Much of the variance stems from differences in Greenfire's assumptions versus those of the consultant:
- Boutique hotel room rates: $170/night Greenfire assumption, $130-150 BBPC assumption (with longer period of initial low occupancy)
- Office lease rates at the Woolworth site assumed by Greenfire that are 25%-50% higher than BBPC assumptions, while Greenfire also assumes nearly instantaneous 95% occupancy
- Retail lease rates ($21 psf) higher than the consultant range ($13-18 psf)
- Higher residential unit prices than the consultant thinks possible
Interestingly, the consultant does note Durham's strong growth in high-income households, the rise of wealthy empty-nesters, and Durham's disproportionately urban and urbane psychographic profile, all of which strongly support downtown residential growth. Still, the consultant expresses some concern about the high level of absorption required to lease up or sell out all the housing units proposed for downtown.
In fact, this seems to be a factor in the Ramseur St. project's pessimistic outlook from the consultant's perspective -- it presents the largest number of units for simultaneous delivery, which BBPC notes could be a challenge for market absorption, and could weaken its pricing power, impacting project profitability.
Is this a problem for the deal? Not really, but it's quite an interesting issue nonetheless. I imagine this explains in part why the Ramseur and Church/Parrish projects are last to come on-line -- that defers them to the back end of the project, by which time presumably the presence of the Woolworth site tower and other projects increase residential demand downtown.
Still, the Ramseur St. project ("Lot 20" in the cash flow analysis) is the largest single contributor of property tax -- almost as much as the Chapel Hill Deck and the Woolworth Office building combined. Which makes Greenfire's ability to execute on this project critical.
Frankly, one of the stunning things to see from this analysis is just how much risk Greenfire is taking on. If they don't complete these projects and all this build-out on schedule, they lose all the incentive dollars, period, end of story.
Audacious as their request for city-owned decks and lots have seemed to some -- this represents an equally-audacious gamble by a developer, it seems, particularly in the unproven city center market.
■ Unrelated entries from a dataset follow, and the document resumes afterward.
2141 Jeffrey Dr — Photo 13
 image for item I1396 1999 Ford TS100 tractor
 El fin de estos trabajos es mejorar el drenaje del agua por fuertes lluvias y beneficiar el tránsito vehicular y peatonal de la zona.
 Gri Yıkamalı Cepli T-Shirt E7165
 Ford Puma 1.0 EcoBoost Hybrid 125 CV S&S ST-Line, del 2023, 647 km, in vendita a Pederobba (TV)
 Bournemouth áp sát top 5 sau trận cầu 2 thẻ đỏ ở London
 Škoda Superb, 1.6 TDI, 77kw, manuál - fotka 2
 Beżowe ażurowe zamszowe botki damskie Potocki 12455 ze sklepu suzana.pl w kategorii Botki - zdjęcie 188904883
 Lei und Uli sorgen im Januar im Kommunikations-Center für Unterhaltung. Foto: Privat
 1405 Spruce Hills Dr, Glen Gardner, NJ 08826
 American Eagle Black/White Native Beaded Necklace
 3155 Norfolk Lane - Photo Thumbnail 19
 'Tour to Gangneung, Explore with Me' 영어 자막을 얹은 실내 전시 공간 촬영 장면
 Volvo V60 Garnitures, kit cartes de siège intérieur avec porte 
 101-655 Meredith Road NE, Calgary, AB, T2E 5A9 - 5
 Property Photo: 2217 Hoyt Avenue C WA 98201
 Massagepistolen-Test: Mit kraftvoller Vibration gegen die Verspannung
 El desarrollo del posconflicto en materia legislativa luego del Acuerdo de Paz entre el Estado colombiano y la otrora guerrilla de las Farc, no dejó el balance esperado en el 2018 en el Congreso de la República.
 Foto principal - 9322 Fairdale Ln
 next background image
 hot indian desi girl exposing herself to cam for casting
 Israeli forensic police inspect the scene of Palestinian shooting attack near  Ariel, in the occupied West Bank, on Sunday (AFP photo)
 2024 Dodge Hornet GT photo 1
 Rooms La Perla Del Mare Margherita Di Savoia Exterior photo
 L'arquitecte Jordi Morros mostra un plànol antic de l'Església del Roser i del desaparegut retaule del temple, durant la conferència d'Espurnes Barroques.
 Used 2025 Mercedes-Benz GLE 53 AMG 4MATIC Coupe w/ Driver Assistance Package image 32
I lack the time or wakefulness to take a close look at the parking data tonight, but suffice it to say the City's analysis finds that there's plenty of space in existing structured and surface parking lots to cover current and projected future parking demand even with the temporary off-lining of some facilities for renovation/construction. The Durham Centre deck would be expected to absorb much of the burden, interestingly.